Published 6 Apr 2026 in cs.CR and cs.AI | (2604.04852v1)

Abstract: Chain-of-Thought (CoT) prompting has been used to enhance the reasoning capability of LLMs. However, its reliability in security-sensitive analytical tasks remains insufficiently examined, particularly under structured human evaluation. Alternative approaches, such as model scaling and fine-tuning can be used to help improve performance. These methods are also often costly, computationally intensive, or difficult to audit. In contrast, prompt engineering provides a lightweight, transparent, and controllable mechanism for guiding LLM reasoning. This study proposes a structured prompt engineering framework designed to strengthen CoT reasoning integrity while improving security threat and attack detection reliability in local LLM deployments. The framework includes 16 factors grouped into four core dimensions: (1) Context and Scope Control, (2) Evidence Grounding and Traceability, (3) Reasoning Structure and Cognitive Control, and (4) Security-Specific Analytical Constraints. Rather than optimizing the wording of the prompt heuristically, the framework introduces explicit reasoning controls to mitigate hallucination and prevent reasoning drift, as well as strengthening interpretability in security-sensitive contexts. Using DDoS attack detection in SDN traffic as a case study, multiple model families were evaluated under structured and unstructured prompting conditions. Pareto frontier analysis and ablation experiments demonstrate consistent reasoning improvements (up to 40% in smaller models) and stable accuracy gains across scales. Human evaluation with strong inter-rater agreement (Cohen's k > 0.80) confirms robustness. The results establish structured prompting as an effective and practical approach for reliable and explainable AI-driven cybersecurity analysis.

Summary

  • The paper demonstrates that structured prompt engineering significantly improves both detection accuracy and reasoning interpretability in LLMs.
  • The methodology employs explicit controls over context, evidence grounding, and reasoning structure to mitigate hallucinations and cognitive drift.
  • Results show that smaller models achieve up to 5% classification gains and over 35% improvement in reasoning quality, validating the framework's effectiveness.

Structured Prompt Design for Enhancing Reasoning Integrity in LLM-based Security Analysis

Overview

"Strengthening Human-Centric Chain-of-Thought Reasoning Integrity in LLMs via a Structured Prompt Framework" (2604.04852) addresses the challenge of improving interpretability, faithfulness, and operational reliability of LLMs in security-sensitive reasoning tasks. The work introduces a structured prompt engineering framework with explicit reasoning controls, aiming to mitigate failure modes such as hallucination and reasoning drift in DDoS attack detection from SDN traffic. Evaluation is conducted across a range of local and cloud LLMs using both classification-based and human-centric reasoning metrics.

Problem Formulation and Motivation

A primary concern for LLM deployments—especially in cybersecurity and other high-stakes domains—is the misalignment between model outputs and human analyst cognitive workflows. Hallucinated or insufficiently grounded CoT (Chain-of-Thought) generations can lead to both analytical inaccuracies and compromised explainability. Prompt engineering offers a lightweight, cost-efficient, and auditable alternative to large-scale fine-tuning or architectural changes for improving model behavior, particularly in the resource-constrained local deployment context.

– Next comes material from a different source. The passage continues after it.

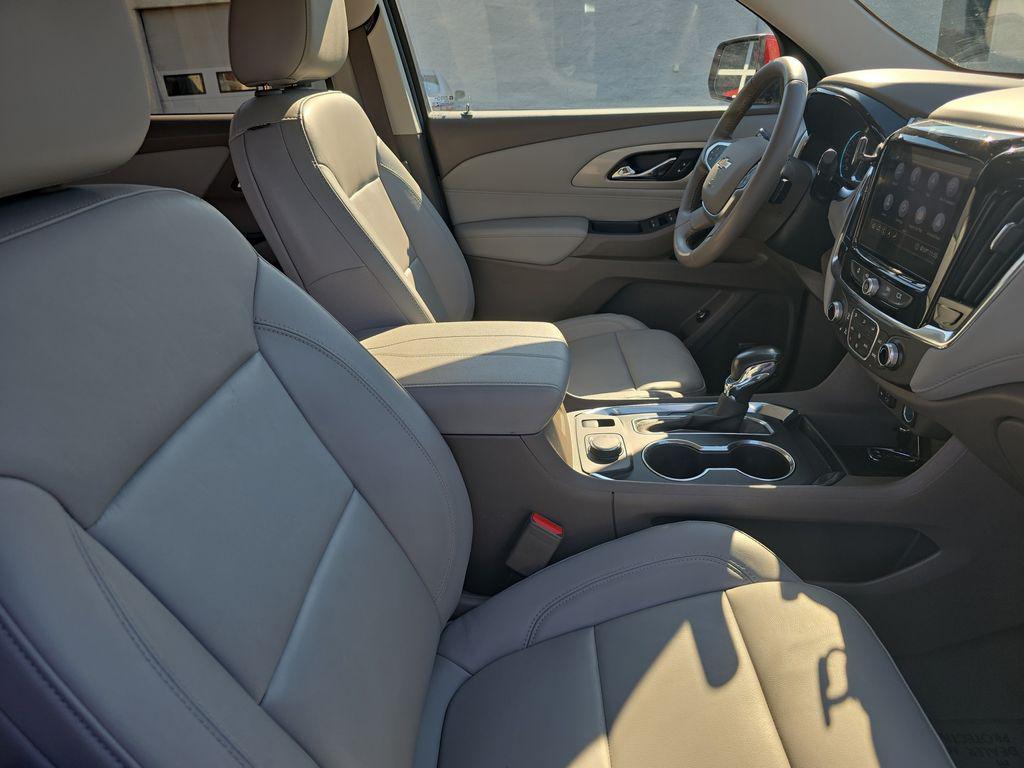 used 2021 Chevrolet Traverse car, priced at $24,466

This work explicitly interrogates two research questions:

  1. To what extent does a structured prompting paradigm improve reasoning and detection accuracy in local LLMs compared to baseline (unstructured) prompting?
  2. How do structured prompts impact the trade-off between operational accuracy and explanation interpretability across LLM scales?

Structured Prompt Framework

The framework decomposes prompting strategies into four orthogonal control domains:

  • Context and Scope Control: Explicit role assignment, dataset grounding, and negative constraints to discourage out-of-distribution inference.
  • Evidence Grounding and Traceability: Forcing evidence citation, feature anchoring, and anomaly justification requirements to tie reasoning steps to input variables.
  • Reasoning Structure and Cognitive Control: Stepwise schema enforcement, reasoning depth control, and confidence calibration to support cognitive transparency.
  • Security-Specific Analytical Constraints: Mandates for taxonomy alignment, signal prioritization, and temporal consistency to integrate with domain-operational semantics.

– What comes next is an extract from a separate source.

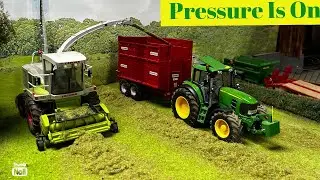 Big Panic Rain Is On The Way & Silage Is Dropped - The Big 1/32 Model Farm Diorama Day 96!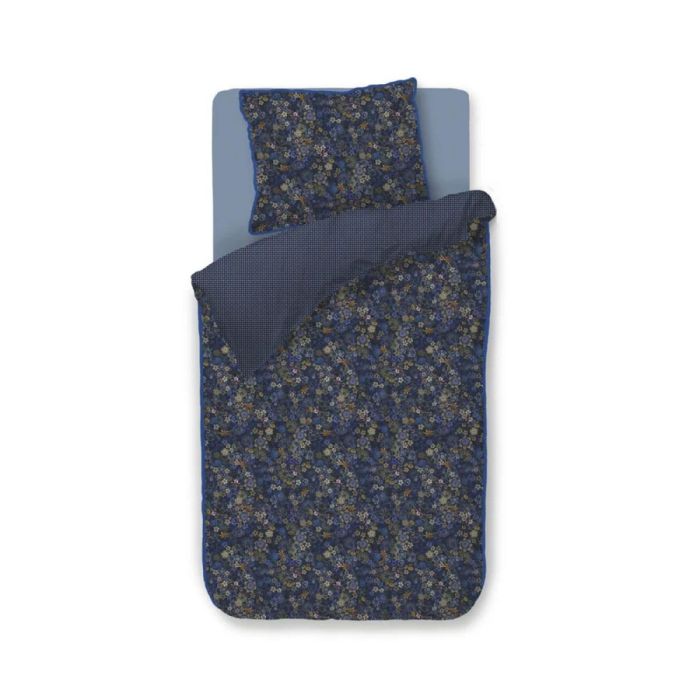 Pip Studio dekbedovertrek Tutti Fiori blauw met bloemenprint en bijpassende kussenslopen, stijlvol opgemaakt op een tweepersoonsbed.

In operationalization, sixteen control factors are mapped to system-level and user-level prompt components to provide deterministic influence over the generated chain-of-thought.

Experimental Design

The evaluation utilizes the DDoS SDN dataset, comprising labeled attack/benign traffic instances, with 400 balanced samples and 23 features. Multiple LLM families and parameter scales are tested: Gemma, Llama, Qwen, GPT-OSS, and ChatGPT. Both human-authored and ChatGPT-generated prompts are compared under unstructured (baseline) and structured framework conditions.

Two evaluation axes are used:

  • Classification Metrics: Accuracy, precision, recall, and F1-score computed against the ground truth.
  • Human-Centric Reasoning Metrics: Five dimensions scored by independent reviewers—evidence grounding, faithfulness, structural compliance, taxonomy alignment, and confidence calibration—with inter-rater reliability reported using Cohen’s κ\kappa.

Main Results

Quantitative Accuracy Improvements

  • Structured CoT prompting yields consistent classification gains across all model families. For the smallest local models (2B–4B parameters), improvements in accuracy, precision, recall, and F1-score reach up to 5% absolute.
  • Gains attenuate as scale increases: larger models (20B–70B, ChatGPT) show 1–2% absolute increases, suggesting diminishing marginal accuracy benefits with parameter count and pretraining alignment.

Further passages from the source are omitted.